An OS (basic system or operating system) running on the device performs some or all of the processing based on the instructions of the above-described program code, and the processing realizes the functions of the above-described embodiments. It goes without saying that cases are included.

Further, the program code read from the storage medium may be written in a memory provided in a function expansion board inserted in the device or a function expansion unit connected to a computer to realize the functions of the above-described embodiments. Needless to say, it is included.
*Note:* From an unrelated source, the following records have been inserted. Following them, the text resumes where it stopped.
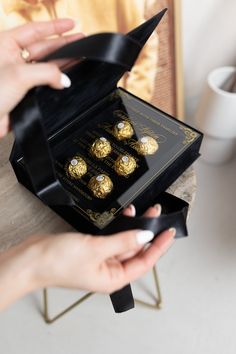 a person holding a box with four chocolates in it's packaging and one hand reaching into the package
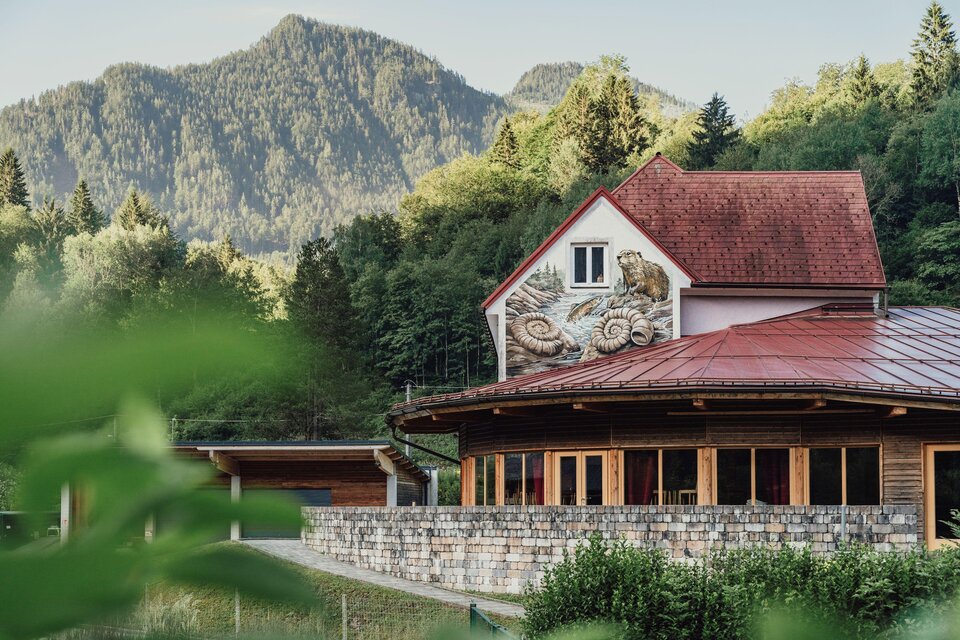 Ein charmantes Gebäude mit traditioneller Architektur liegt in einer malerischen Berglandschaft. Grüne Bäume und sanfte Hügel umgeben die Szene.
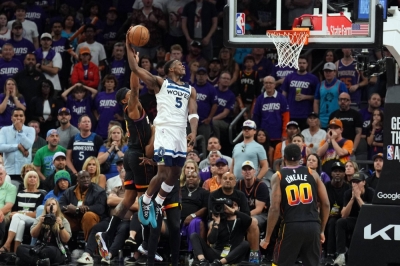 Timberwolves guard Anthony Edwards dunks against the Suns during the second half in Phoenix on Sunday.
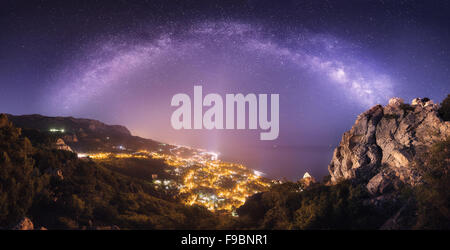 Belle nuit paysage avec voie lactée contre les lumières de la ville, les montagnes, la mer et le ciel étoilé. Nature fond Banque D'Images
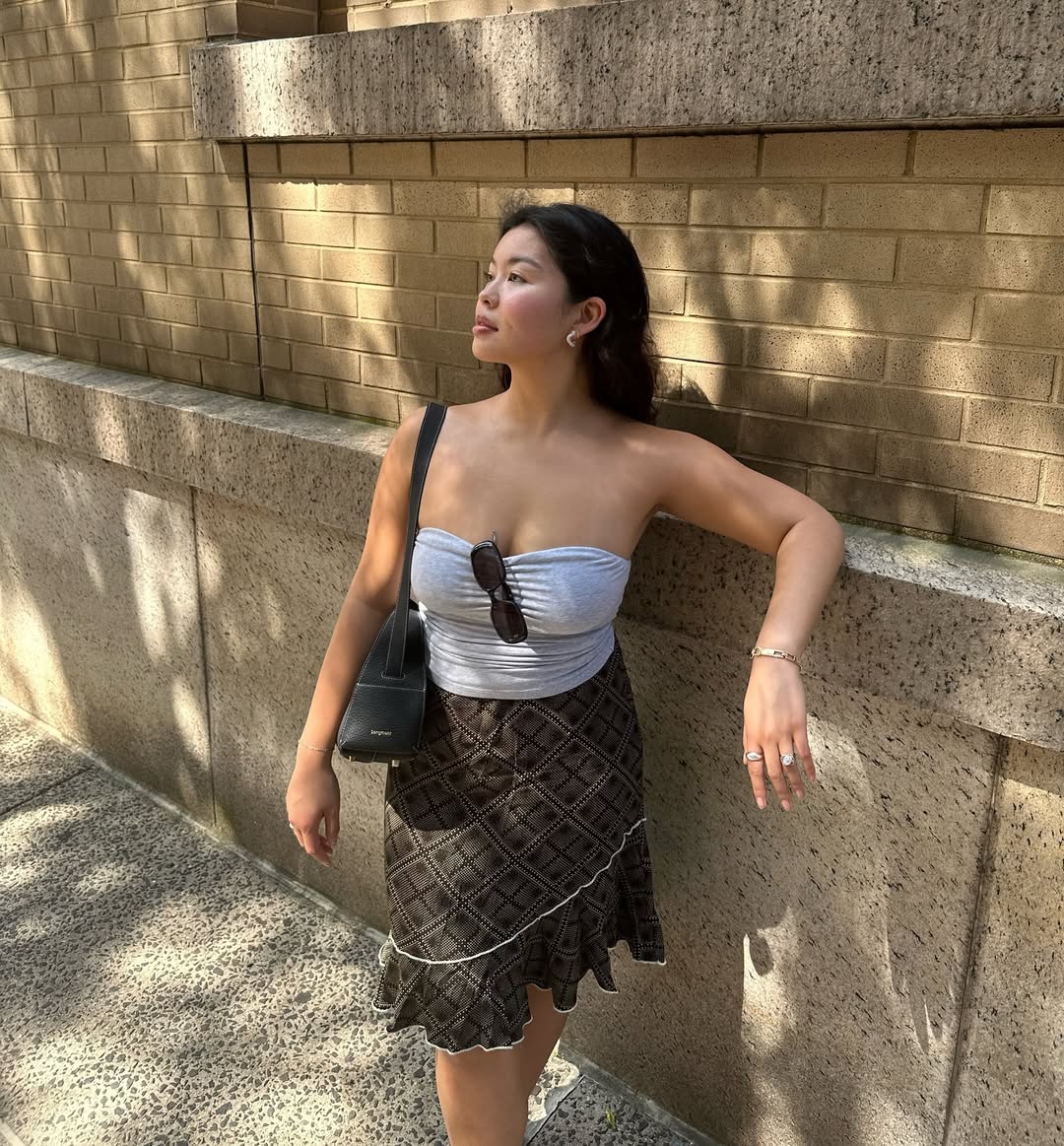 woman wearing tube top and midi skirt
At this time, the CPU or the like included in the function expansion board or function expansion unit performs a part or all of the actual processing based on the instruction of the program code.

100 projector, 101 CPU, 102 RAM, 103 ROM,
104 projection unit, 105 projection control unit, 106 VRAM, 107 operation unit,
108 network IF, 109 image processing unit, 110 video input unit,
200 projection control device, 201 CPU, 202 RAM, 203 ROM,
204 operation unit, 205 display unit, 206 network interface,
207 video output unit, 208 communication unit, 209 internal bus, 300 video distributor

Claims (2)

A system including a plurality of display devices,
Each display device
Video input means,
A predetermined frame number determining means for determining the predetermined frame number;
A statistic amount acquisition unit for acquiring a statistic amount from the image input by the image input unit;
Frame number acquisition means for acquiring the frame number of the frame for which the statistic is acquired,
Association means for associating the frame number with the statistic;
Recording means for recording the associated frame number and the statistic,
Communication means for communicating the frame number and the statistic associated with another display device,
The latest frame acquisition means to acquire the latest frame,
A used frame number acquisition means for acquiring a frame number of the predetermined number of frames before the latest frame;
Matching determination means for determining whether the frame number received from another display device by the communication means and the frame number recorded in the own display device by the recording means match the frame number of the used frame,
Reception determination means for confirming whether or not the statistics associated with the frame numbers determined to match by the coincidence determination means are available for the number of connected devices,
Calculation means for calculating one statistic based on the statistic for the number of connected vehicles determined to be complete by the reception determination means;
Video display means for displaying video,
Equipped with
When it is determined that the coincidence is determined by the coincidence determination unit, and when the reception determination unit determines that they are aligned, light source control and image processing are performed based on the statistic calculated by the calculation unit, and the coincidence is performed. A system that performs light source control and image processing based on the statistic used last time when the determination unit determines that they do not match or the reception determination unit determines that they do not match. With the predetermined number of frames as the first delay value, the number of frames from the frame for which the statistics is acquired by the self-display device to the frame for which the statistics associated with the frame number of the frames are the same as the number of connected frames. Second delay value calculating means for calculating two delay values;
Delay amount determining means for determining the delay amount,
Updating means for updating the first delay value,
Equipped with
The frame number, the statistic, and the second delay value associated with each other are transmitted and received by the communication unit,
The delay amount determining means selects the maximum second delay value from the received second delay value and the second delay value acquired by the self display device,
The system according to claim 1, wherein the updating means updates the first delay value with the maximum second delay value when the maximum second delay value is larger than the first delay value.